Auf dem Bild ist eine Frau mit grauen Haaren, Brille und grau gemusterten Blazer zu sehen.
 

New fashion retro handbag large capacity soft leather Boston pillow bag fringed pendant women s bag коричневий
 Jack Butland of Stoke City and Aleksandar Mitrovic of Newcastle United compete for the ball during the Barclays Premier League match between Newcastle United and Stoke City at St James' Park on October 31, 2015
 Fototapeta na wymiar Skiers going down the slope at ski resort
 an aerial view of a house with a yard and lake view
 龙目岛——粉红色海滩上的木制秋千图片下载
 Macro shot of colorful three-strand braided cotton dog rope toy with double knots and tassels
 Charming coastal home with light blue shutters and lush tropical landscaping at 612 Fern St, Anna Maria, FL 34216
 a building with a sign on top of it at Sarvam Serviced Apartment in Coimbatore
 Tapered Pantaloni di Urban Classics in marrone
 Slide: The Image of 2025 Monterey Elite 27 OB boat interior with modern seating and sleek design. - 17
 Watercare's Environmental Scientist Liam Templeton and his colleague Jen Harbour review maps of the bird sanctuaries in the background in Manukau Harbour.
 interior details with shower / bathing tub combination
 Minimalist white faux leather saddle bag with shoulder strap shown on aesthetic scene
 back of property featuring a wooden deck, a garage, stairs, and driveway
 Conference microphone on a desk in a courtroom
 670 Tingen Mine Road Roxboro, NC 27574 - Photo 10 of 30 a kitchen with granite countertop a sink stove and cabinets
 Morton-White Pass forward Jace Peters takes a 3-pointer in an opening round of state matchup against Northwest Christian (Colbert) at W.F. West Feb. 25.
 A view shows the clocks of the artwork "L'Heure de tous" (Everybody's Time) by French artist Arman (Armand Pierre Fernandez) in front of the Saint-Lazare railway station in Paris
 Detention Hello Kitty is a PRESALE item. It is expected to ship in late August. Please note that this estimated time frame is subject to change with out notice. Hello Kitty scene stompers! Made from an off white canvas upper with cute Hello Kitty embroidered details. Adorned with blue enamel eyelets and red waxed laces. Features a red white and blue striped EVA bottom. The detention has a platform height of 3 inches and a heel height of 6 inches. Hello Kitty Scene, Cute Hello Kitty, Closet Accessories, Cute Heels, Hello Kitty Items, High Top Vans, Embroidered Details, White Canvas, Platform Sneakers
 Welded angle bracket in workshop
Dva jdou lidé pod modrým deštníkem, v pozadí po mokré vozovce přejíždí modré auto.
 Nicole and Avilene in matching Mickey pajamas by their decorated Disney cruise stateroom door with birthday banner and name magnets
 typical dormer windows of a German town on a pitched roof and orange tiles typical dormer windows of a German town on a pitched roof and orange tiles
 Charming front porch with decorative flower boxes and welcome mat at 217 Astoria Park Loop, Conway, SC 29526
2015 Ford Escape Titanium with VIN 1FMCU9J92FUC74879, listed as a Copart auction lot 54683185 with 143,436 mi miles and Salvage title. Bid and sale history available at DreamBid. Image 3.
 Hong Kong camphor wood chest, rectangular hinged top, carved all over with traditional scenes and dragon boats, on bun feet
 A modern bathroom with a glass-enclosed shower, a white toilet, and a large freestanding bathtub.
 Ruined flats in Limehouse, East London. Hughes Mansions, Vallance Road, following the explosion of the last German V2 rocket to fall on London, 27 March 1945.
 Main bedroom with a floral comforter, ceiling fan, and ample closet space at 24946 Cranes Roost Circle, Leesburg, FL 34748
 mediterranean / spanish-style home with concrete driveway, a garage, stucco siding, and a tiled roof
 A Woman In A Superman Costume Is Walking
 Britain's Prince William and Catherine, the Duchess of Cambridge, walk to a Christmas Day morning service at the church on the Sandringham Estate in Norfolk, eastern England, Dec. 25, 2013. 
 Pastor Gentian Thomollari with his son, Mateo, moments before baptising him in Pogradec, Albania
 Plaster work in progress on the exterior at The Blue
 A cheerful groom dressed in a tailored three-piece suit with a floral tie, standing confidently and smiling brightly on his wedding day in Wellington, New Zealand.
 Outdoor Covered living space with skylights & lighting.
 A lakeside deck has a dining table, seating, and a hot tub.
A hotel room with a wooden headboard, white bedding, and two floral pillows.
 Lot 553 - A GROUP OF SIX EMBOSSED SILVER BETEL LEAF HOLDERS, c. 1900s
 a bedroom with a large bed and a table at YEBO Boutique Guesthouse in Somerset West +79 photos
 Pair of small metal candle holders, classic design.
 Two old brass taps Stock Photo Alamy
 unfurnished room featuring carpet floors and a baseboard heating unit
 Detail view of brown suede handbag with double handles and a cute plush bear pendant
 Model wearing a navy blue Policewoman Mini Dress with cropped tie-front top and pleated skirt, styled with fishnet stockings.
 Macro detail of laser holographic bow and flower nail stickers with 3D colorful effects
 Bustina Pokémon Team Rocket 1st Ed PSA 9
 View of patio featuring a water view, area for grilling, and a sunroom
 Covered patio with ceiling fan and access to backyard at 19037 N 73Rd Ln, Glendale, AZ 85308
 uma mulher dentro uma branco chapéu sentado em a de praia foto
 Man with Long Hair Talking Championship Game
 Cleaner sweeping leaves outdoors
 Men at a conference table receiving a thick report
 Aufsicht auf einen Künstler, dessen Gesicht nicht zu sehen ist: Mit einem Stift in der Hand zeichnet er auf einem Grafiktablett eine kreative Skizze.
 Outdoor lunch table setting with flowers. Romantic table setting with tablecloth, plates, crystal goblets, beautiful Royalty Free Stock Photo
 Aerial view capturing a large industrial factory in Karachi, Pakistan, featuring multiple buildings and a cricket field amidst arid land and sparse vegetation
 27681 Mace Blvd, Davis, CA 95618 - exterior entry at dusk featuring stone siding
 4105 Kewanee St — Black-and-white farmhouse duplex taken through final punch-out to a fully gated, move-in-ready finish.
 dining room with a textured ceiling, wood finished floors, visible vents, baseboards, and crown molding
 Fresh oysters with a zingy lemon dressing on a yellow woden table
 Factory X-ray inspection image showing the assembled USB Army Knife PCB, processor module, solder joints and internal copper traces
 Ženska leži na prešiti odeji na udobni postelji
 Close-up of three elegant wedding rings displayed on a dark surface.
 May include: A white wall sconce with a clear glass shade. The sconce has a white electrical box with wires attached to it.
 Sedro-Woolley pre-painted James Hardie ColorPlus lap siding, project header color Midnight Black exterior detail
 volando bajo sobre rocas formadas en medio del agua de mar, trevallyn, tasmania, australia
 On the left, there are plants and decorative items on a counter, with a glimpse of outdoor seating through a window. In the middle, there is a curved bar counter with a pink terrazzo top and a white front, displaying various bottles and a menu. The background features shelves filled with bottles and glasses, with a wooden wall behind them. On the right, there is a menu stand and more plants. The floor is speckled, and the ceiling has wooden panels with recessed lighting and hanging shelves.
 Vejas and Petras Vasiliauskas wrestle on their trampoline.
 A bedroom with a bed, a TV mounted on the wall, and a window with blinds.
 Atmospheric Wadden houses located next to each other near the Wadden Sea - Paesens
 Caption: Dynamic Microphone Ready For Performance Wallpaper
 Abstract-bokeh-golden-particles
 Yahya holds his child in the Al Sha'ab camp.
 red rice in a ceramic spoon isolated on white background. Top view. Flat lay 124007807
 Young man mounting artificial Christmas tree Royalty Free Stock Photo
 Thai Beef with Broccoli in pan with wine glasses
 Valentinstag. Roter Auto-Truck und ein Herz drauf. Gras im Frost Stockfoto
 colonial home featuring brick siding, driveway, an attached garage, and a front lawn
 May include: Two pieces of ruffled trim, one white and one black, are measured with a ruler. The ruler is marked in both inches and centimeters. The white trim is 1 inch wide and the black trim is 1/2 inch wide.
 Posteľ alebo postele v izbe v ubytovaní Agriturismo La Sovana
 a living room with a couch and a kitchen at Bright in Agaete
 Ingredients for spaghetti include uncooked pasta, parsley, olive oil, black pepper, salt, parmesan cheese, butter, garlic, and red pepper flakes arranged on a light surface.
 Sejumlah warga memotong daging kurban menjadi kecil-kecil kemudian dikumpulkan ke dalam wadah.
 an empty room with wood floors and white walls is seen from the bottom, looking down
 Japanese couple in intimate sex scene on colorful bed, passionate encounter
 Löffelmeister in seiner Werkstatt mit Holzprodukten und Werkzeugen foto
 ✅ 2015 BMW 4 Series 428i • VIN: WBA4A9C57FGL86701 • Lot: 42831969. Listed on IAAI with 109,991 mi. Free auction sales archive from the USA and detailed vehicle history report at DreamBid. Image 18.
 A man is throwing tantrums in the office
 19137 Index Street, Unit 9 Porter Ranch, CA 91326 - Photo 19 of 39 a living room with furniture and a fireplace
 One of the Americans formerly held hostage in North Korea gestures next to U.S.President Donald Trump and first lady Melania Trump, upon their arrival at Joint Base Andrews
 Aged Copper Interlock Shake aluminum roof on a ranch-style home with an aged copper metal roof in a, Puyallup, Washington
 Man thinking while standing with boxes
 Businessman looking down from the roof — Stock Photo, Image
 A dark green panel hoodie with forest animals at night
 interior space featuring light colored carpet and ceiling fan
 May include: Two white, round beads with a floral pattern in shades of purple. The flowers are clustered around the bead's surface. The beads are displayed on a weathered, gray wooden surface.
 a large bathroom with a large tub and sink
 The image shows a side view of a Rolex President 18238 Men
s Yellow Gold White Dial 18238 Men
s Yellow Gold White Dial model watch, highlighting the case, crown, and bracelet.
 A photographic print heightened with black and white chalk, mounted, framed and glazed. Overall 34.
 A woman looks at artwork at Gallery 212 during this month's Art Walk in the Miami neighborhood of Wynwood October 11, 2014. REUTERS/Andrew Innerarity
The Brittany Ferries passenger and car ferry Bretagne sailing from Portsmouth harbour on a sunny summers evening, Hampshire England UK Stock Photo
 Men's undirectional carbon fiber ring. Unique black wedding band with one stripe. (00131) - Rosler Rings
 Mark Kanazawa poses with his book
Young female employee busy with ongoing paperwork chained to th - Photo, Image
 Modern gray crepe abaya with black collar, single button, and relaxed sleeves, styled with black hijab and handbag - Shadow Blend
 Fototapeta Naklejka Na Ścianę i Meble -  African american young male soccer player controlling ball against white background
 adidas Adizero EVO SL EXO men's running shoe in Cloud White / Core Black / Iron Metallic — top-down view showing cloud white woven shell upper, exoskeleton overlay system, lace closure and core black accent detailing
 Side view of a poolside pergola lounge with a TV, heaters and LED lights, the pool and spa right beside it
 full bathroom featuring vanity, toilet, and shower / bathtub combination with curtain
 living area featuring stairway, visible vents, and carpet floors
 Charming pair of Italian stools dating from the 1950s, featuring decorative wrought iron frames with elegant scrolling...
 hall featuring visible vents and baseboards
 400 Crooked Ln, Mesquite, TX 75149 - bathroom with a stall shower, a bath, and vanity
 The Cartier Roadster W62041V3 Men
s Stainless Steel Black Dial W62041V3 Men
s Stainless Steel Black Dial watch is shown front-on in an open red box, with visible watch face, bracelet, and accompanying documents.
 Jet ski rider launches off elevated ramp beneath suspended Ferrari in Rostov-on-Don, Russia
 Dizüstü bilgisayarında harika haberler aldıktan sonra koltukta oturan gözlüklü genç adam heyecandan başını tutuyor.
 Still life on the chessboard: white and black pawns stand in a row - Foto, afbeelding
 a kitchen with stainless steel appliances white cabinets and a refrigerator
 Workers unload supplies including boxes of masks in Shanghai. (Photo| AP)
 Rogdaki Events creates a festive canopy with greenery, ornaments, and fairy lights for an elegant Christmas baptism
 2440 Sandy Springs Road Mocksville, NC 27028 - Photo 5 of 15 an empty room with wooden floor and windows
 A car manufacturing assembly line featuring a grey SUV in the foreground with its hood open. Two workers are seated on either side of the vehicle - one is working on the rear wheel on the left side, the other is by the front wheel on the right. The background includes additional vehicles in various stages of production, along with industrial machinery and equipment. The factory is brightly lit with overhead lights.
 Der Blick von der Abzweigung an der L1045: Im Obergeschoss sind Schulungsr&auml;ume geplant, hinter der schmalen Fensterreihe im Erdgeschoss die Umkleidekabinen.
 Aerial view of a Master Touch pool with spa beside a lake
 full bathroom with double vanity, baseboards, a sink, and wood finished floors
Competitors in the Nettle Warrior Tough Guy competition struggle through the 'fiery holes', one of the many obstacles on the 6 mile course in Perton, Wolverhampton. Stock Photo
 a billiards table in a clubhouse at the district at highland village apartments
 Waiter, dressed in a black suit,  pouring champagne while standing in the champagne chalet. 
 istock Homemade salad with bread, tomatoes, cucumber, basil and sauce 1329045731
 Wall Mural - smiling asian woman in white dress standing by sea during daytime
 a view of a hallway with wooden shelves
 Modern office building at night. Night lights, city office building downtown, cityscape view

# Problem to work on
Out of the entries above, write out only the lines between the line holding "Model wearing a" and the line holding "volando bajo sobre", inclusive, each exactly as given.

# Answer box
 Model wearing a navy blue Policewoman Mini Dress with cropped tie-front top and pleated skirt, styled with fishnet stockings.
 Macro detail of laser holographic bow and flower nail stickers with 3D colorful effects
 Bustina Pokémon Team Rocket 1st Ed PSA 9
 View of patio featuring a water view, area for grilling, and a sunroom
 Covered patio with ceiling fan and access to backyard at 19037 N 73Rd Ln, Glendale, AZ 85308
 uma mulher dentro uma branco chapéu sentado em a de praia foto
 Man with Long Hair Talking Championship Game
 Cleaner sweeping leaves outdoors
 Men at a conference table receiving a thick report
 Aufsicht auf einen Künstler, dessen Gesicht nicht zu sehen ist: Mit einem Stift in der Hand zeichnet er auf einem Grafiktablett eine kreative Skizze.
 Outdoor lunch table setting with flowers. Romantic table setting with tablecloth, plates, crystal goblets, beautiful Royalty Free Stock Photo
 Aerial view capturing a large industrial factory in Karachi, Pakistan, featuring multiple buildings and a cricket field amidst arid land and sparse vegetation
 27681 Mace Blvd, Davis, CA 95618 - exterior entry at dusk featuring stone siding
 4105 Kewanee St — Black-and-white farmhouse duplex taken through final punch-out to a fully gated, move-in-ready finish.
 dining room with a textured ceiling, wood finished floors, visible vents, baseboards, and crown molding
 Fresh oysters with a zingy lemon dressing on a yellow woden table
 Factory X-ray inspection image showing the assembled USB Army Knife PCB, processor module, solder joints and internal copper traces
 Ženska leži na prešiti odeji na udobni postelji
 Close-up of three elegant wedding rings displayed on a dark surface.
 May include: A white wall sconce with a clear glass shade. The sconce has a white electrical box with wires attached to it.
 Sedro-Woolley pre-painted James Hardie ColorPlus lap siding, project header color Midnight Black exterior detail
 volando bajo sobre rocas formadas en medio del agua de mar, trevallyn, tasmania, australia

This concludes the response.